START Extracted entries

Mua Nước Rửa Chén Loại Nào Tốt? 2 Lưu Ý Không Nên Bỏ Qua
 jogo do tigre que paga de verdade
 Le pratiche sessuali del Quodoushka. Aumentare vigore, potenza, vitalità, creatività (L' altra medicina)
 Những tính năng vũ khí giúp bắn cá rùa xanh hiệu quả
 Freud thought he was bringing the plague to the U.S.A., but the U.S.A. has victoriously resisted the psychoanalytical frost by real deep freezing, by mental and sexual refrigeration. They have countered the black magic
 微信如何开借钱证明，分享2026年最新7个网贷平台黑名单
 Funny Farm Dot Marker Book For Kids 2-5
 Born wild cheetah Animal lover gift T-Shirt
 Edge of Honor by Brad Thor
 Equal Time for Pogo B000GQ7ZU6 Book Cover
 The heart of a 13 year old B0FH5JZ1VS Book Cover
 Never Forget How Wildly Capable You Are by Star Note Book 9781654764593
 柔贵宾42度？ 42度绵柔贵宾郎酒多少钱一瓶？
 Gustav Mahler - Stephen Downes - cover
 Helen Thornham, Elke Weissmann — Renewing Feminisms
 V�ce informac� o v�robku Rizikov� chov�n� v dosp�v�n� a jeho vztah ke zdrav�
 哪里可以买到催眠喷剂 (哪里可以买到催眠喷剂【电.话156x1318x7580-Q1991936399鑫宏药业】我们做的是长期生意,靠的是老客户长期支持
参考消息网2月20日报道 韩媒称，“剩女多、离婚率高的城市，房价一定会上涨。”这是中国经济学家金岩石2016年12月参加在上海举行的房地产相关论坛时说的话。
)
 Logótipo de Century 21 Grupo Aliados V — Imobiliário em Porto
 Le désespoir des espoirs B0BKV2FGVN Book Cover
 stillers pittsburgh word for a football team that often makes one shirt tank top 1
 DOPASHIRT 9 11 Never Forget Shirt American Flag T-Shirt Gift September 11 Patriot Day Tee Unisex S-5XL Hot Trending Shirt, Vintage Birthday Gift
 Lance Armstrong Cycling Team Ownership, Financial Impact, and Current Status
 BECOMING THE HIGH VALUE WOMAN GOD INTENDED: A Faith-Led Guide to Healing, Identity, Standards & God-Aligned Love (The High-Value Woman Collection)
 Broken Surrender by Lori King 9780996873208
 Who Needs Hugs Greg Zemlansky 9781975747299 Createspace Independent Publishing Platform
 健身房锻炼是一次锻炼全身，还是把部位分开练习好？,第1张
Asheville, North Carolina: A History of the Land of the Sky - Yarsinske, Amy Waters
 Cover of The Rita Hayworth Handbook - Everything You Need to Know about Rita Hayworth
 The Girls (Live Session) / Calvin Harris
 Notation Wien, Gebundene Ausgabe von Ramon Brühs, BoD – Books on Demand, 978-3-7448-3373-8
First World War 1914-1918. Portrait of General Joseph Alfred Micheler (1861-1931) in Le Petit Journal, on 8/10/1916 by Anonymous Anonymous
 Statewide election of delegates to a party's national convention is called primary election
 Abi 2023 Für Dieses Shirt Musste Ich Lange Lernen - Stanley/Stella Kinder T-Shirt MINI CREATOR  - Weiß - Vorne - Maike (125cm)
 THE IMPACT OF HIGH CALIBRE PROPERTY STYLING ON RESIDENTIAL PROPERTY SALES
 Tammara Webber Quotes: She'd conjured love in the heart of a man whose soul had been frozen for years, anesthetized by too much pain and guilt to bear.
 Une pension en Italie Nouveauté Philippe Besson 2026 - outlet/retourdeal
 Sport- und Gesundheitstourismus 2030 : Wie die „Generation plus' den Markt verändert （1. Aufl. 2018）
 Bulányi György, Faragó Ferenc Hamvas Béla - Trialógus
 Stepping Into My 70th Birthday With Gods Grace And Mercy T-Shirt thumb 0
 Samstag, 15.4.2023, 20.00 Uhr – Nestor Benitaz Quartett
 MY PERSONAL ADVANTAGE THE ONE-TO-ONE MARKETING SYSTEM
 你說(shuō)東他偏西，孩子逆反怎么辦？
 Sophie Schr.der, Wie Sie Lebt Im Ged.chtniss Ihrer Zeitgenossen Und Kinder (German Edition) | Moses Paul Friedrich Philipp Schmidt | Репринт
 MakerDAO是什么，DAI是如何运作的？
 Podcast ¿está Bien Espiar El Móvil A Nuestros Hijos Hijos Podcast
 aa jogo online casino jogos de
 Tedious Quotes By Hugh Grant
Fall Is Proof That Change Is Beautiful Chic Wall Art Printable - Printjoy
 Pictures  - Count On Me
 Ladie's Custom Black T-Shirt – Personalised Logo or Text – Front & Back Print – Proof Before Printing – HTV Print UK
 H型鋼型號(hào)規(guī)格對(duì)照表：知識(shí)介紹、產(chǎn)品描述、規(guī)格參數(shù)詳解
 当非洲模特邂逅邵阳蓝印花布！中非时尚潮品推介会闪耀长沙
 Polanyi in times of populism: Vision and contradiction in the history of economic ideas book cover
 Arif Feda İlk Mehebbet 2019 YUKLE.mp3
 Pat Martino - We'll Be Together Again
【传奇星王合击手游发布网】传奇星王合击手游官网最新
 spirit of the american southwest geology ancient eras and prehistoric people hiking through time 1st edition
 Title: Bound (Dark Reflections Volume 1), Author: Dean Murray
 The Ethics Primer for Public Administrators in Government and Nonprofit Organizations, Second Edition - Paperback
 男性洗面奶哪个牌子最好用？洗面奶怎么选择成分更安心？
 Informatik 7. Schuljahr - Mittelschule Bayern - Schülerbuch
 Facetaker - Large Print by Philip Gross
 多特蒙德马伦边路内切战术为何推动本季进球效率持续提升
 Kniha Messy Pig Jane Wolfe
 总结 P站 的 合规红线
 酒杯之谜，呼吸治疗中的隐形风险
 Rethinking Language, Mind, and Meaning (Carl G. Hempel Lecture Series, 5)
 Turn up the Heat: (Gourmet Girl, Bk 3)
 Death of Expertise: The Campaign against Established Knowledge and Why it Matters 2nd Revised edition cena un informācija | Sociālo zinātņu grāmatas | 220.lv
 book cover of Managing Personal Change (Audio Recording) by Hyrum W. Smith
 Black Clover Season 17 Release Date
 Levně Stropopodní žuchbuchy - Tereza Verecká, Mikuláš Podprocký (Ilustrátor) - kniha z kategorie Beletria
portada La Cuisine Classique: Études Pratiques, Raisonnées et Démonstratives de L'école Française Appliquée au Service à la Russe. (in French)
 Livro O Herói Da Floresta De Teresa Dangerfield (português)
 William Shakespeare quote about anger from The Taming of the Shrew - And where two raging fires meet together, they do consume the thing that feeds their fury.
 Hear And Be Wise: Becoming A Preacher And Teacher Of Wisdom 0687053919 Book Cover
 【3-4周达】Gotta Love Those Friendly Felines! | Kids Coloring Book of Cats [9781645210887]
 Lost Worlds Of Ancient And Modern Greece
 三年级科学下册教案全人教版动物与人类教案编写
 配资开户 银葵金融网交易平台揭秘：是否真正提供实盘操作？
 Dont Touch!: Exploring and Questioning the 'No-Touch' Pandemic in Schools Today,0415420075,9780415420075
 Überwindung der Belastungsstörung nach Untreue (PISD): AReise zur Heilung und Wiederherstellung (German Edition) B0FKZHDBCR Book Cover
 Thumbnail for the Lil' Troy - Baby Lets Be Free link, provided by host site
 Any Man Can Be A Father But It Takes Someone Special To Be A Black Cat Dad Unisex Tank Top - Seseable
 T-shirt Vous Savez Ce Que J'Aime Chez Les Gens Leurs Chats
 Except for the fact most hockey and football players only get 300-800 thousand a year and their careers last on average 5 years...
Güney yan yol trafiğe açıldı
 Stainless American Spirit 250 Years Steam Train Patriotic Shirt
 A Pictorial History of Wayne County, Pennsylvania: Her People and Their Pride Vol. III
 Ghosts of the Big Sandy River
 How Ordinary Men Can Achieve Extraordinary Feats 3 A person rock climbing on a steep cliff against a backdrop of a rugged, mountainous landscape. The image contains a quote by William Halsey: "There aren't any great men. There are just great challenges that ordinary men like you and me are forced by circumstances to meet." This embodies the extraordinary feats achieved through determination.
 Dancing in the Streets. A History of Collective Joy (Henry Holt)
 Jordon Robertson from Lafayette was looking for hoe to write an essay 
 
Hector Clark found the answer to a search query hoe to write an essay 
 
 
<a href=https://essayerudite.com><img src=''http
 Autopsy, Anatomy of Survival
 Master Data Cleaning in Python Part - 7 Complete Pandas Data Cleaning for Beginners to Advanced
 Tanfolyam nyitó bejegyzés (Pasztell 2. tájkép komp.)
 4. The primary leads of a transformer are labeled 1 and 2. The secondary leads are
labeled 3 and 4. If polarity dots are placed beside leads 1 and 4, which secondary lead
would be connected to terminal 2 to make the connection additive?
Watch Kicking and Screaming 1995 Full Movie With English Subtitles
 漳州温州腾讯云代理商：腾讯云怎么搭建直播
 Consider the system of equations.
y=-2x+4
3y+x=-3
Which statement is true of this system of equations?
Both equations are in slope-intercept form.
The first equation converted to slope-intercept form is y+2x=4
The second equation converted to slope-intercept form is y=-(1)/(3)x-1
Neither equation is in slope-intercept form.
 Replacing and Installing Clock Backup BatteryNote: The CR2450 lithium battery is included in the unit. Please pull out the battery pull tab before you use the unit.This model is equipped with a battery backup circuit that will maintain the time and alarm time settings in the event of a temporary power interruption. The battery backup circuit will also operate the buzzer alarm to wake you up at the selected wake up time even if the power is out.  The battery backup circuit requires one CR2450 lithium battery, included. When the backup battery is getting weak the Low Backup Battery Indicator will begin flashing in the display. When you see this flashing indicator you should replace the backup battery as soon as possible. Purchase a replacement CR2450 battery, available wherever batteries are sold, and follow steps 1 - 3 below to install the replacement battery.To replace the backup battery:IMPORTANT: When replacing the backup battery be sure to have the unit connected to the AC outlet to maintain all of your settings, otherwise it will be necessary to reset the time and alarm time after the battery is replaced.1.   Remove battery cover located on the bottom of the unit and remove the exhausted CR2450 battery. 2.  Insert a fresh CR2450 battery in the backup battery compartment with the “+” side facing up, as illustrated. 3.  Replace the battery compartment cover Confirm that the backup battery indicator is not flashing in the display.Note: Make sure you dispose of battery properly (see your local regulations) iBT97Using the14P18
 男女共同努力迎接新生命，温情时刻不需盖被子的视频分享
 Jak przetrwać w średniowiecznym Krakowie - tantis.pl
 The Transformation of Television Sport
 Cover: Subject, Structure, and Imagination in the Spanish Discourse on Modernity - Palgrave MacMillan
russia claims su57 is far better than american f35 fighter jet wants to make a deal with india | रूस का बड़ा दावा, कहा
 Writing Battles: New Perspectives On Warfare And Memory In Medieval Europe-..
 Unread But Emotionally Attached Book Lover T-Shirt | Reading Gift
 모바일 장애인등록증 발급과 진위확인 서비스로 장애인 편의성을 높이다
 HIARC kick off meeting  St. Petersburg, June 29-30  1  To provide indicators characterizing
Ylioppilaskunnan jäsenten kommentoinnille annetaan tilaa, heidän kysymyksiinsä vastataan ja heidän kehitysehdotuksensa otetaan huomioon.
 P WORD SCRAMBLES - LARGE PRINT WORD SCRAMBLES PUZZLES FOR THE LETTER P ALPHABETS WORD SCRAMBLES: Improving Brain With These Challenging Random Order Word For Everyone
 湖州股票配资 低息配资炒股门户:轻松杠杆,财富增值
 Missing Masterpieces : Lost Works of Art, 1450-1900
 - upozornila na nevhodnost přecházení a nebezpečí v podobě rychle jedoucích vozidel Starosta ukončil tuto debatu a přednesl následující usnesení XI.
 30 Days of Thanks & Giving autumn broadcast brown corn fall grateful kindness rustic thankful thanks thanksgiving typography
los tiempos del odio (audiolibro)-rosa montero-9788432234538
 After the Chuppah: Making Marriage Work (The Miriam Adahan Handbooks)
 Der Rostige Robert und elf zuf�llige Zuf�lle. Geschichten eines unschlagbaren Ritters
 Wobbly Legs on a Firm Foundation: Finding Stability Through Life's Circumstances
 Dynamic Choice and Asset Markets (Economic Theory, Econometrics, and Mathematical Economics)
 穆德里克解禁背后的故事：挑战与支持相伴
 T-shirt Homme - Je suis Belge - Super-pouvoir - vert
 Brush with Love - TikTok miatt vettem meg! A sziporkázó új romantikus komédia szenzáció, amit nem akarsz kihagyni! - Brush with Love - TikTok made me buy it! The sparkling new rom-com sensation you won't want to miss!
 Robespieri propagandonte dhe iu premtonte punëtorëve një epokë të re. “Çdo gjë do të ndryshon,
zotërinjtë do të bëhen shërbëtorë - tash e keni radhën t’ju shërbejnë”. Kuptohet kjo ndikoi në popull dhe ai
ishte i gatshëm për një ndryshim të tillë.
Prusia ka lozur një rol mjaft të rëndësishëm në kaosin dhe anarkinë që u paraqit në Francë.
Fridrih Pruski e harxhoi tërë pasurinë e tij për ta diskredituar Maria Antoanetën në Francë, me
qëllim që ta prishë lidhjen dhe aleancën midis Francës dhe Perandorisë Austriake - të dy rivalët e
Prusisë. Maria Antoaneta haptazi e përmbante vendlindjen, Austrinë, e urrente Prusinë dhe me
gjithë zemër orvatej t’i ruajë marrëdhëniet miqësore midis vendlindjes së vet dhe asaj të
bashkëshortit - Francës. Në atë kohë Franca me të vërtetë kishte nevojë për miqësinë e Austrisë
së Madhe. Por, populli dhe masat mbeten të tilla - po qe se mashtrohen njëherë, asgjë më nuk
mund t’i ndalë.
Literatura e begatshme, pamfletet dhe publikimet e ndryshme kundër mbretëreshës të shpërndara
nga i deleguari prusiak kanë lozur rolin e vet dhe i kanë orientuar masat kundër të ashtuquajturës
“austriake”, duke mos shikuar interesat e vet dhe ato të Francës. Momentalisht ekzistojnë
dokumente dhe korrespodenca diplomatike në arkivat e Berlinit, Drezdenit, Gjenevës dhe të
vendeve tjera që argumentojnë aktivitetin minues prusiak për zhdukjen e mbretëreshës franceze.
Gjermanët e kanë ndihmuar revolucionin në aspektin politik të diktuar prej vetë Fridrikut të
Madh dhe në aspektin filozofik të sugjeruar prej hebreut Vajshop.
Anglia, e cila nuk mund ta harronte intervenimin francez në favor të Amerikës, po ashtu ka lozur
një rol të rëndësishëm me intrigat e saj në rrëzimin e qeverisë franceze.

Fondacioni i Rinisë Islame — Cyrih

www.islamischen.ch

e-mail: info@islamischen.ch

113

END Extracted entries

Copy all lines of the preceding data that hold the word "Kids".

 Funny Farm Dot Marker Book For Kids 2-5
 【3-4周达】Gotta Love Those Friendly Felines! | Kids Coloring Book of Cats [9781645210887]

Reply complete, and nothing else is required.